Até maio último, o debate nacional parecia restrito aos direitos civis - aborto, direitos da mulher, direito de minoras, casamento de homossexuais - dando a impressão de que o Brasil não tinha mais problemas sociais. O PT parecia ter convencido a sociedade brasileira de que já não tínhamos mais pobreza, milagre das cotas e das bolsas, e que os serviços públicos funcionavam muito bem, que o SUS tinha padrão do primeiro mundo, como disse um dia o ex-presidente Lula. O movimento feminista e as organizações LGBT tomaram conta das redes sociais em defesa dos seus direitos e o deputado Marco Feliciano jogou gasolina na fogueira com o seu discurso medieval na Câmara dos Deputados.
A luta pelos direitos civis - importante e justa - levanta bandeiras clássicas do liberalismo que não abalam as estruturas econômicas e sociais determinantes da pobreza, das desigualdades sociais, dos estrangulamentos econômicos e da ineficiência da gestão pública. A agenda dos direitos civis, em grande parte de natureza moral e comportamental, reflete o interesse direto da classe média e dos segmentos ascendentes da sociedade, e corre ao largo dos graves problemas sociais do Brasil. E em grande parte, nas últimas décadas, as suas demandas e reivindicações têm sido incorporadas nos valores dominantes da sociedade mundo afora, ganhando respeito e quebrando preconceitos.
Mas a agenda dos direitos civis foi atropelada pela rebelião social de junho. Difusa e desorganizada, a explosão de protesto e mobilização da população nas ruas de todo o Brasil atravessou o debate nacional e provocou uma mudança radical no foco das lutas sociais. Não se trata de abandonar outras demandas, mas a agenda agora é outra. Sufocados pela degradação dos serviços públicos e indignados com a mentira dos governos e a corrupção geral no Brasil, milhões de brasileiros invadiram as ruas para exigir investimentos no transporte público, na saúde, na educação e no saneamento, precisamente onde se manifesta de forma aguda a desigualdade social no país. Esta é a agenda que nos indica a rebelião das ruas.

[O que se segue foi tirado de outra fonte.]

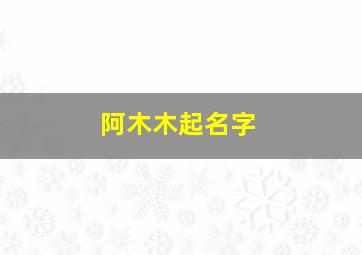 阿木木起名字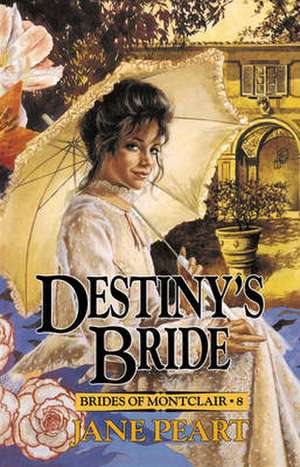 Destiny's Bride: Montclair Divided de Jane Peart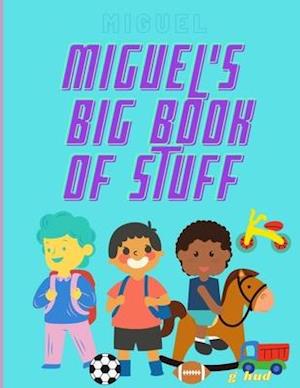 Miguel's Big Book of Stuff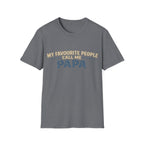 Papa T-Shirt — "My Favourite People Call Me Papa" Father's Day Tee
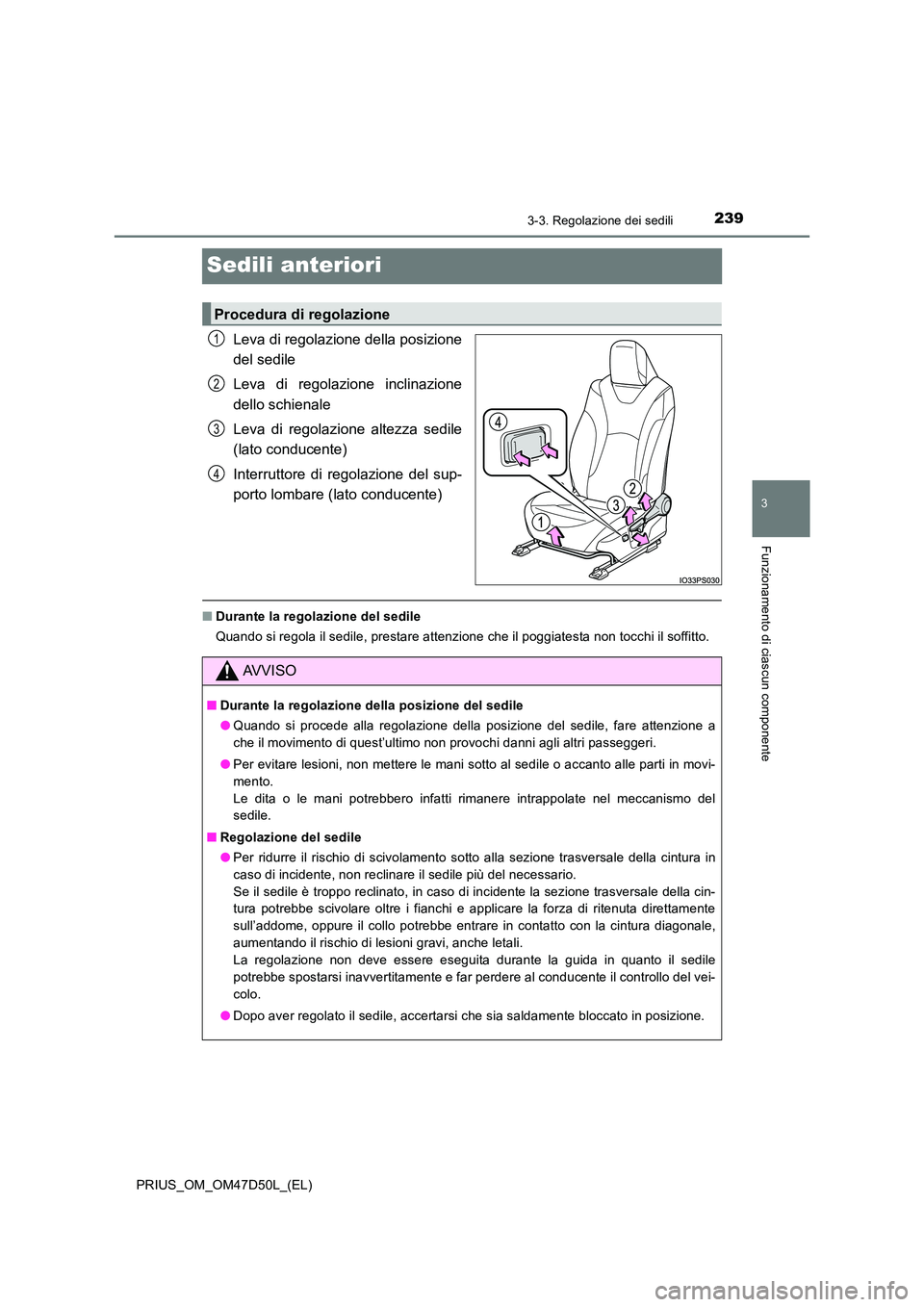 TOYOTA PRIUS 2019  Manuale duso (in Italian) 239
3
3-3. Regolazione dei sedili
Funzionamento di ciascun componente
PRIUS_OM_OM47D50L_(EL)
Sedili anteriori
Leva di regolazione della posizione 
del sedile 
Leva di regolazione inclinazione 
dello s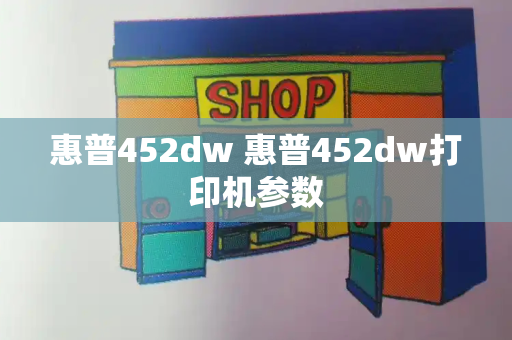 惠普452dw 惠普452dw打印机参数-第1张图片-星选测评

Antes que os políticos e os governantes se recuperassem da surpreendente e inesperada revolta da sociedade, chega o Papa Francisco com um forte discurso político criticando a corrupção e cobrando políticas e investimentos sociais. Evitou falar dos aspectos morais da Igreja católica, provavelmente evitando o confronto com os movimentos dos direitos civis, e quase não utilizou os maçantes sermões e chavões religiosos. O furacão Francisco sacudiu a política brasileira, reforçando e confirmando as bandeiras sociais agitadas pelas gigantescas manifestações de ruas em todo o Brasil que propõem a nova agenda política. A essa nova agenda o Papa Francisco ainda acrescentou outro ingrediente: a critica ao consumismo desenfreado, alimentado no Brasil pelo Governo (símbolo da felicidade nacional), e à patética ostentação de riqueza das classes abastadas e dos novos ricos brasileiros.